Building a Collaborative Community Safety Partnership in Baton Rouge
To create communities where children and their families feel safe, the Annie E. Casey Foundation recognizes that youth- and community-focused investments — such as those aimed at reducing youth homelessness, increasing economic opportunity and transforming systems — are integral parts of reducing violence, including gun deaths, because they address the root causes.
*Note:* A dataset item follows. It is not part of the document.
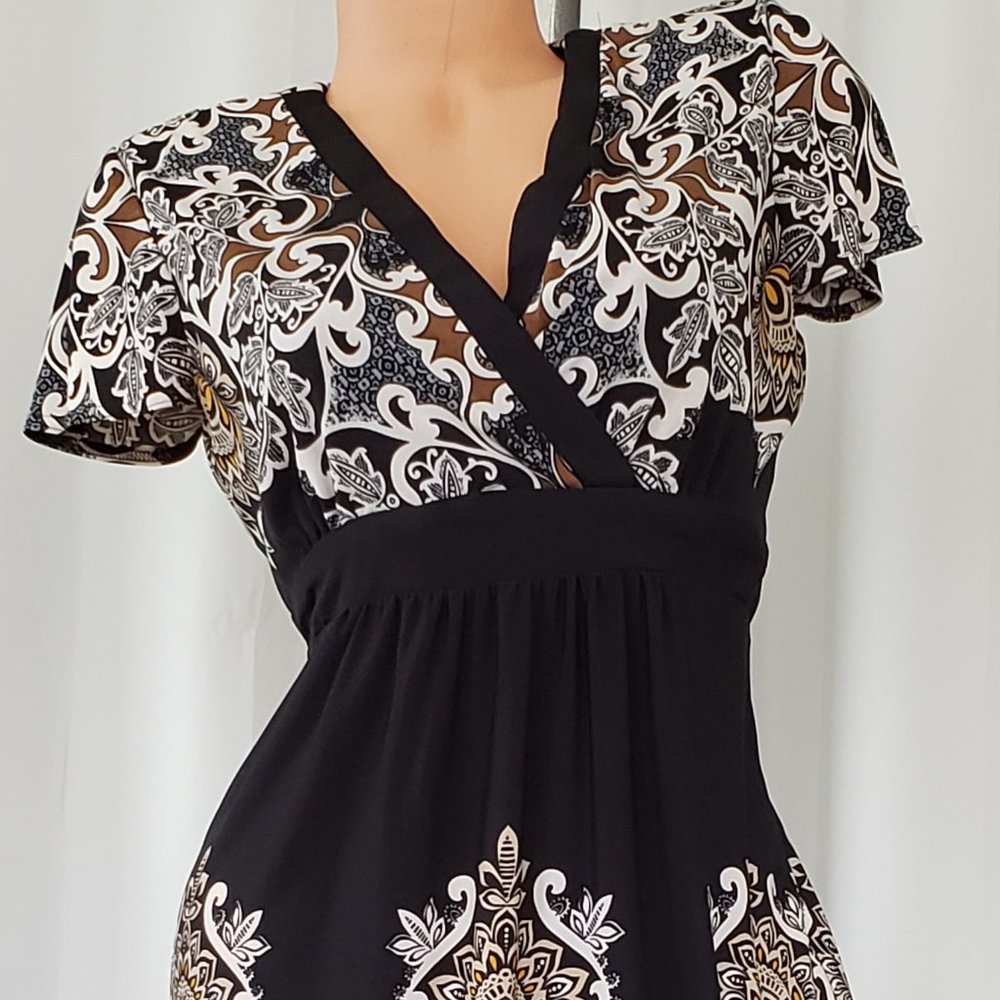 R&K Short-Sleeve V-Neck Midi Summer Dress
The city of Baton Rouge, Louisiana, has undertaken such a comprehensive approach. Mayor Sharon Weston Broome’s initiative Safe, Hopeful, Healthy BR (SHHBR) brings together community members, partners, local agencies and civic leaders to combat violence. This includes:
- community residents;
- representatives from the Baton Rouge mayor’s office;
- local law enforcement;
- community-based organizations like the Baton Rouge Community Street Team and the gun violence prevention group C.H.A.N.G.E.; and
- local chapters of youth-serving organizations like the Big Buddy program and the YMCA.
Increasing Public Safety
The initiative takes a three-pronged approach to public safety:
- Community-based public safety programs put decisions in the hands of the community to protect their neighborhoods.
- Approaches that focus on mental well-being by addressing unresolved trauma and ongoing mental health issues within communities.
- Law enforcement agencies protect and serve their communities.
The approach is yielding promising results. In 2022, the city-parish saw a 23% reduction in homicides.
“SHHBR has deployed response teams and outreach teams in the days, weeks and months after a gun violence incident in order to mitigate the chance of retaliation,” says Courtney Scott, assistant chief administrative officer for Mayor Broom. “While outreach efforts aren’t always successful in defusing or preventing further violence, we believe that embracing the shared vision of SHHBR’s partners leads to a greater collective contribution to the safety of Baton Rouge.”
Monthly public safety meetings ensure effective collaboration among SHHBR partners. While all attendees are invited to participate in the conversation, these meetings put the voices of the people of Baton Rouge at the center of safety conversations. Partners can have a communal meal, participate in learning initiatives and share strategies or updates.